The expected output is each line below containing "kitchen", copied in full.

Crawled caption data

═══

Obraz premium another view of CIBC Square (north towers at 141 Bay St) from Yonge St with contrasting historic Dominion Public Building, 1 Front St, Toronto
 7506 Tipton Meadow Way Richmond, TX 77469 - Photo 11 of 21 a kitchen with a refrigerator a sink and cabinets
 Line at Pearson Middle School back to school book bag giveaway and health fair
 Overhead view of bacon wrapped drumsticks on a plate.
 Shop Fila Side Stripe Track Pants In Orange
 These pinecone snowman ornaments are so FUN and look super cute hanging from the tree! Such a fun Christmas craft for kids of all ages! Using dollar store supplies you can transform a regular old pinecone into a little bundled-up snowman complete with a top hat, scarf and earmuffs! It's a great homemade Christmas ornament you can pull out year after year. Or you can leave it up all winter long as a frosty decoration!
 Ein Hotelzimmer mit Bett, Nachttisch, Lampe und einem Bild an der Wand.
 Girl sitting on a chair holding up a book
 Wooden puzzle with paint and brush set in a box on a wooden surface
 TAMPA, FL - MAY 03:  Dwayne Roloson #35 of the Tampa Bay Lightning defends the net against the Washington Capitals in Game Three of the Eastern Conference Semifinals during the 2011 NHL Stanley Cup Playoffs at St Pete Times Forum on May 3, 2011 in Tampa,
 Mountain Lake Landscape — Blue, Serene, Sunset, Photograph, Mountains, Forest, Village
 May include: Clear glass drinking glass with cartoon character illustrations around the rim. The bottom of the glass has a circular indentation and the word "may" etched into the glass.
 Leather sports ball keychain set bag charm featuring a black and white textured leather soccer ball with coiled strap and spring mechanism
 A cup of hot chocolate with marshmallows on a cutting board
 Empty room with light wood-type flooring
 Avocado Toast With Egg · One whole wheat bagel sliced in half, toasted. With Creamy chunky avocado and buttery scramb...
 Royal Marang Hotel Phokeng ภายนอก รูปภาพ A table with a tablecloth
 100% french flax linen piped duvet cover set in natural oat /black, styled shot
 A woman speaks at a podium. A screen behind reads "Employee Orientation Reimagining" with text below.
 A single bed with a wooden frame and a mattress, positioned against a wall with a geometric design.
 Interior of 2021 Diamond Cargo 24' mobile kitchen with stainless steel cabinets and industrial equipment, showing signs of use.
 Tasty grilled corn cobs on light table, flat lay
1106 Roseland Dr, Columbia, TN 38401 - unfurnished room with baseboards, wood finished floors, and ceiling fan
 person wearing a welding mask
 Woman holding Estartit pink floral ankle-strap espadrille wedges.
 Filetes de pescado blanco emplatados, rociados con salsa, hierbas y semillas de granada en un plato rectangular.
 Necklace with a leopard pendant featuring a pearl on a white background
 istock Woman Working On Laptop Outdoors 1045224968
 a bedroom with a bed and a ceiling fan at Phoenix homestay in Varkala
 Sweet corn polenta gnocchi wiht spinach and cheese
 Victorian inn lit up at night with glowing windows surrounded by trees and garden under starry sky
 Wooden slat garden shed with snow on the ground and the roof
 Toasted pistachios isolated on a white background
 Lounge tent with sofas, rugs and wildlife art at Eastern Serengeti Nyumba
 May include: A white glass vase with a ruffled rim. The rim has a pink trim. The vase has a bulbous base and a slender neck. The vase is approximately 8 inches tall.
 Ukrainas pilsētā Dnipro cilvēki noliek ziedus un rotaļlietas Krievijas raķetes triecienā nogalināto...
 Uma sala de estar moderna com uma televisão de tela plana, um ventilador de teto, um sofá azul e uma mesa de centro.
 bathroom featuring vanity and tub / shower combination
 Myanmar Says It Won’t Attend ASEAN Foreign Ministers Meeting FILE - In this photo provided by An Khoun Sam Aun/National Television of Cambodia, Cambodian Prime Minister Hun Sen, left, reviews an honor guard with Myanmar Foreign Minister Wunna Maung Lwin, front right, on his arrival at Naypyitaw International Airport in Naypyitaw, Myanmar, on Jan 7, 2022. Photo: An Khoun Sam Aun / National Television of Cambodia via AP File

═══

EXERCISE ANSWER:
 7506 Tipton Meadow Way Richmond, TX 77469 - Photo 11 of 21 a kitchen with a refrigerator a sink and cabinets
 Interior of 2021 Diamond Cargo 24' mobile kitchen with stainless steel cabinets and industrial equipment, showing signs of use.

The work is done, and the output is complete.